Конечно, прежде чем плюнуть и растереть, следует поговорить с милиционером и соседками. Для очистки следовательской совести. И поставить на этом дисциплинированном постояльце жирную точку. Но только завтра.
Сегодня уже нет никаких сил.
Генерала Тягунова Сережа увидел впервые, когда тот приехал к ним в полк с инспекторской проверкой от Генштаба. Полковник Романов, он же «батя» смотрел на своего писаря умоляющими глазами.
«Придумай что-нибудь!» – уговаривала Сережу молодая жена «бати», бывшая официантка столовой Надя, забегавшая к Сереже всякий раз, когда супруг отъезжал в штаб дивизии, что за сорок километров от части. Она прижималась к нему горячим телом, заглядывала в глаза. В полумраке каморки, где обитал Сережа, пахло старыми бумагами. Стены были оклеены вырезками из журналов с томными обнаженными красавицами – репродукции старых мастеров.

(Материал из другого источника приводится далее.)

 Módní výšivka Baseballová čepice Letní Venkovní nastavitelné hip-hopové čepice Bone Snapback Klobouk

Сквозь закрытые окна с плотными шторами доносился хруст снега с полкового плаца, который чистили солдаты первого года службы.

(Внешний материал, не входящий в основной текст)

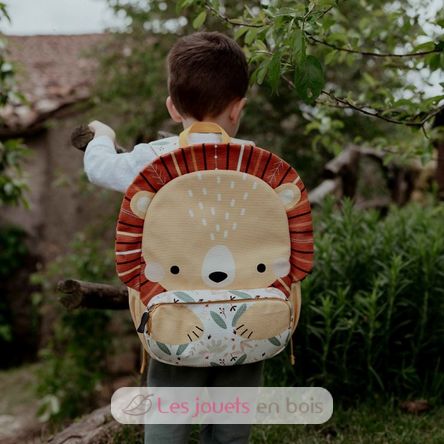 Sac à dos Chompy le lion SJ-BP1198 Sassi Junior 8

Сережа не спешил с ответом.
– Проверка плановая, – сказал он. – Я о ней узнал раньше, чем был издан приказ. Чего уж так паниковать…
– Он до смерти боится пенсии, – шептала Надя, прижимаясь к нему еще теснее. – А я? Как представлю его… в пижаме. Или домино забивает… Брр. Раньше-то орел был! Как зыркнет, как рявкнет! Нет, я тогда лучше от него уйду.
Это как пить дать, подумал Сережа, чуть отодвигаясь. К зампотылу уйдет. И будет продолжать бегать ко мне.
Вообще спать с женой своего командира – явное нарушение воинской субординации. И потому Горюнов компенсировал подобные нарушения излишней предупредительностью к тем офицерам, которых украшал рогами. Перед «батей» после каждого акта прелюбодеяния с его молодой супругой Сережа тянулся навытяжку, ел глазами (впрочем, весьма нахальными), отчего полковнику Романову становилось не по себе. И приходилось указывать подчиненному на чрезмерность чиноподчинения.